Conspicuous changes in some pockets already provide dramatic contrasts. At The Citadel, in the northernmost stretch of Little Haiti that runs along Northeast Second Avenue between 79th Street and the Miami city line, the lone stall boasting a Haitian co-owner offers a Jamaican jerk-chicken bowl for $14.

Across the street, the Haitian-owned Pack Supermarket and Cafeteria, reputed to serve up perhaps the best fried chicken in Miami, does a thriving take-out and lunch-counter business out of a bunker-like building by catering to a mostly Haitian clientele. The charge for three drumsticks, pickled or piklis cabbage and fried green plantains: $4.50.

The Citadel’s operators, Urban Atlantic Group, which records show paid $2.7 million for the vacant building in 2014, declined a request for an interview. In a statement released through a spokeswoman, they referred to Little River as a neighborhood within Little Haiti.

“The Citadel supports, works with and employs people of all ethnicities and cultural backgrounds, including the Haitian community, through its food hall, marketplace, events and partnerships,” the statement reads. “We will continue, as we always have, to embrace and respect our community as we empower and support local businesses.”

Some changes are incongruous, like Little Haiti Air BnB listings, or the opening off Northeast Second Avenue of several high-end art galleries that decamped from increasingly pricey Wynwood -- or the sight of white people jogging by the colorful Caribbean Marketplace as part of a Crossfit gym routine in a neighborhood that’s still up to 90 percent black, and where many outsiders long hesitated to set foot.

CORPORATE OWNERS

Other shifts are invisible, though potentially hugely consequential. One in every five houses and duplexes in Little Haiti is now owned by a corporation, an online mapping tool developed at the University of Miami’s Office of Community Engagement shows. Nearly 16 percent of homes and duplexes in the neighborhood belong to limited liability corporations, a favored vehicle for investors, the tool shows.
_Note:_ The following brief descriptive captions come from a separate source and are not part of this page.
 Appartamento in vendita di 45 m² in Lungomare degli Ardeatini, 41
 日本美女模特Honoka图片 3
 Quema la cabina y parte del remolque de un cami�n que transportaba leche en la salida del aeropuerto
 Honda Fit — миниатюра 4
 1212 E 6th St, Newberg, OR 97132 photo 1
Though absentee landlords have been common in the neighborhood since the days of white suburban flight, observers say the movement to LLC ownership, a likely sign of real estate speculation, has accelerated since the 2008 recession forced many Haitian homeowners into foreclosure.
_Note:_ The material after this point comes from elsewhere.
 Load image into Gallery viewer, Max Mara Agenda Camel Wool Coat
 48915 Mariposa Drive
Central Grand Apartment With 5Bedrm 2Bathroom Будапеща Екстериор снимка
There is so far no evidence of extensive residential evictions or demolitions, though some instances have triggered alarm among residents. Observers say those could increase once land values rise sufficiently to justify renovations or construction of new homes selling or renting for much more than they do now.

Most home values in Little Haiti range from $73,000 to $180,000, a 2015 study by FIU”s Jorge M. Perez Metropolitan Center found. In neighboring, historically African-American Liberty City and Model City, to the west, investors are buying similar homes and renovating them to resell at prices ranging from $200,000 to over $300,000. Buyers come from the area or overwhelmingly Hispanic Hialeah farther west, where prices have risen even more.

But Kauderer, the commercial investor, doesn’t believe the math for that adds up just yet in Little Haiti, given what he says is a lack of demand for housing there from more-affluent outsiders. He says they’re still deterred by Little Haiti’s generally rundown condition and its reputation as a dangerous place — even though Miami police statistics show crime there has plummeted over the past five years.

The investors buying Little Haiti houses instead typically put little money into repairs or maintenance while collecting as much rent as the market will bear, Kauderer said.

“People are buying the residential properties people because it’s cheap,” Kauderer said. “They do as little as possible in the meantime. That’s the only thing that’s economically feasible.”

But, he added, it’s only a matter of time before residential redevelopment kicks off on a broad scale.

“It’s five to 10 years away, but Little Haiti is so impoverished that eventually it will happen,” Kauderer said.

MAGIC CITY

Magic City’s Cho, however, says the $1 billion project will inject the economic energy into the neighborhood that Little Haiti needs. An agreement between the city and the developers requires jobs be set aside for local residents.

“It’s a very large value when compared to other areas, and it has the potential to be commercially viable. What we’re trying to do is make the district commercially viable and bring traffic to the area,” Cho said. “People do speculate. But it’s been depressed for a very long time. It was very undervalued.”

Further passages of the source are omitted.